The Holometer uses twin laser interferometers to look for "holographic noise" in space-time, and will test whether the universe is a 2-D hologram.
The Holometer uses twin laser interferometers to look for "holographic noise" in space-time, and will test whether the universe is a 2-D hologram.

The U. S. Department of Energy’s Fermi National Accelerator Laboratory device called the Holometer began collecting data that may prove that the universe and space-time are a quantum system that is two-dimensional according to an Aug. 26, 2014, report at the Fermilab website. The experiments are based on holographic noise theory that was developed by Craig Hogan, director of Fermilab’s Center for Particle Astrophysics. No conclusions have been reached but the research may completely change how time and space are viewed.

Space is a physical reality. Space can be considered as distance. Time is a construct that only has relevance to a particular distance. A day on Earth is the distance that a given point on Earth revolves to that same point. Time and distance are not capable of being separated. Space-time theory attempts to combine space and time into a continuum that incorporates all the known aspects of both quantities. If you are confused do not worry, even Einstein did not get this absolutely right.

The Fermilab experiments are based on the idea that space-time can be quantified into a single particle that obeys the known laws of quantum mechanics. The smallest particle of space is 10 trillion, trillion times smaller than an atom. Quantum mechanics as we presently know it dictates that space would have to be two-dimensional at the smallest particle level.

The Holometer consists of two interferometers placed close to one another. Each interferometer sends a one-kilowatt laser beam to a beam splitter. The two laser beams are returned to the beam splitter after traveling about 40 feet and recombined.

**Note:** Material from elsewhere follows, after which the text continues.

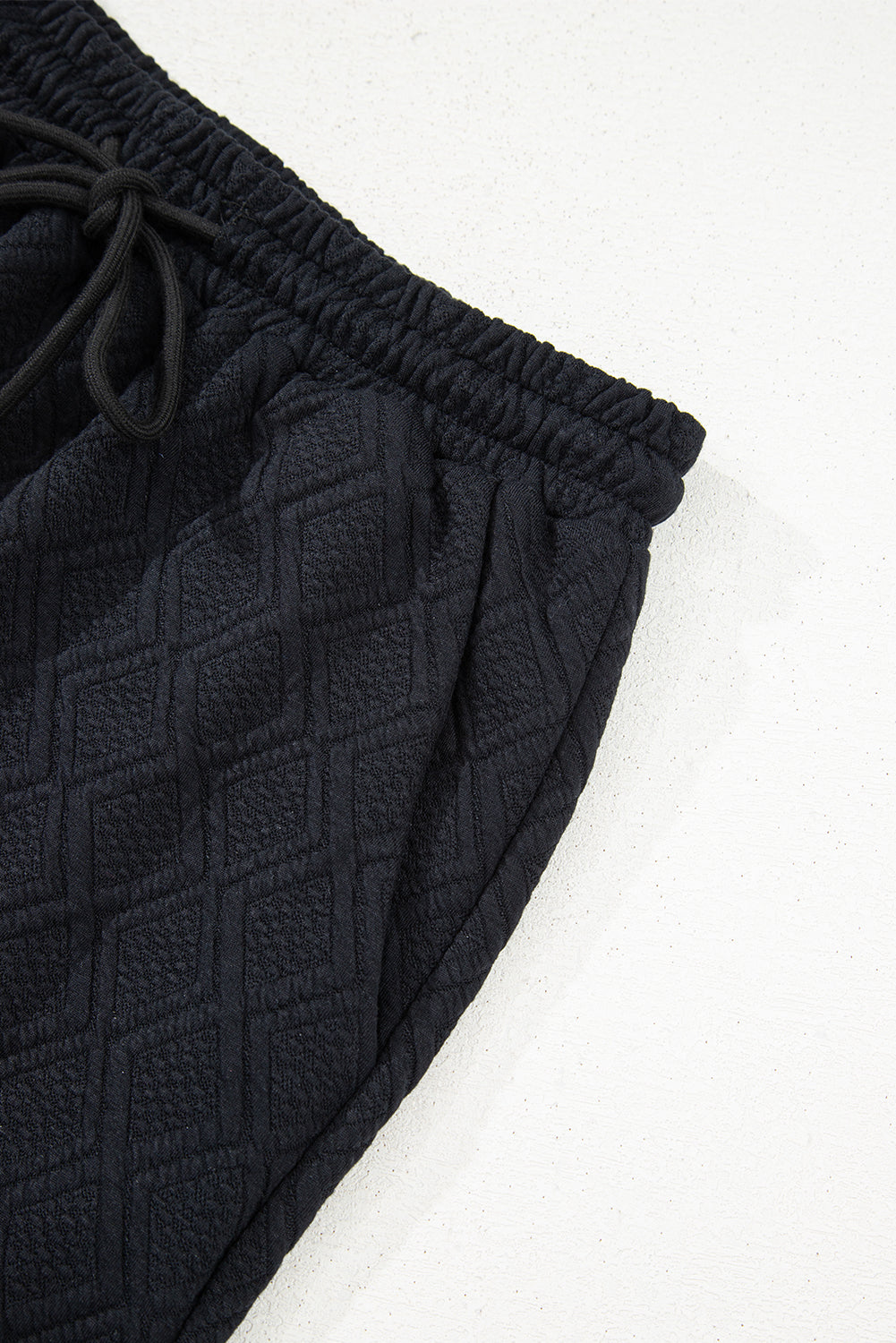 Color black Striped Collared Zip up Textured Skirt Set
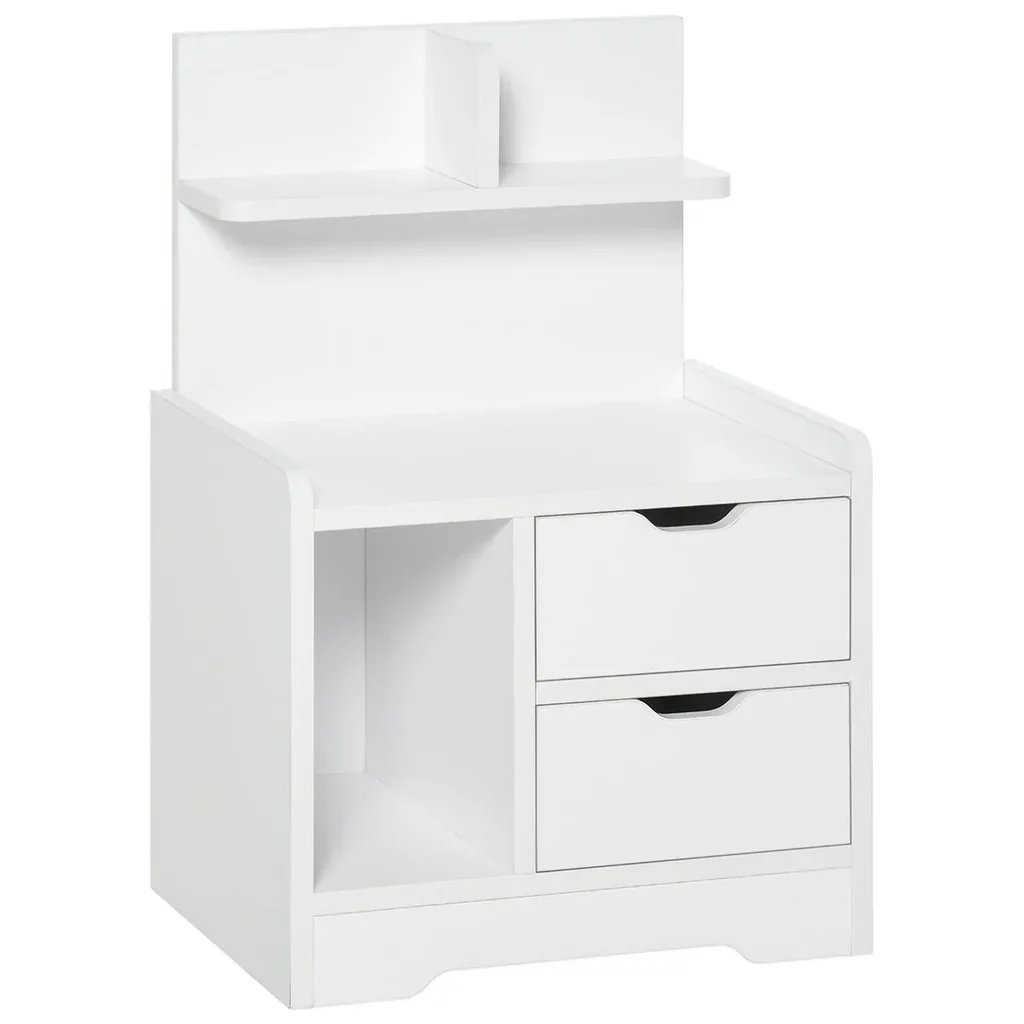 Bedside table with 2 drawers, modern bedside table with open shelf, white, 40 x 30 x 60 cm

Even the most minuscule change in the laser frequency is detectable. The researchers are looking for frequencies of vibration that are so much higher than any other vibrations that anything that may produce interference is considered to be minimal. Detection of any change would indicate the discovery of at least one of the basic elements or particles that compose space-time.

The experiment will collect data for the next year. The results if any particles are detected may show that the universe is composed of two-dimensional particles at the smallest level. The results could explain how the limits of light speed could be overcome for very long-distance space travel. The behavior of space and matter at the event-horizon of black holes may also be explained. Sheldon Cooper should really be this smart.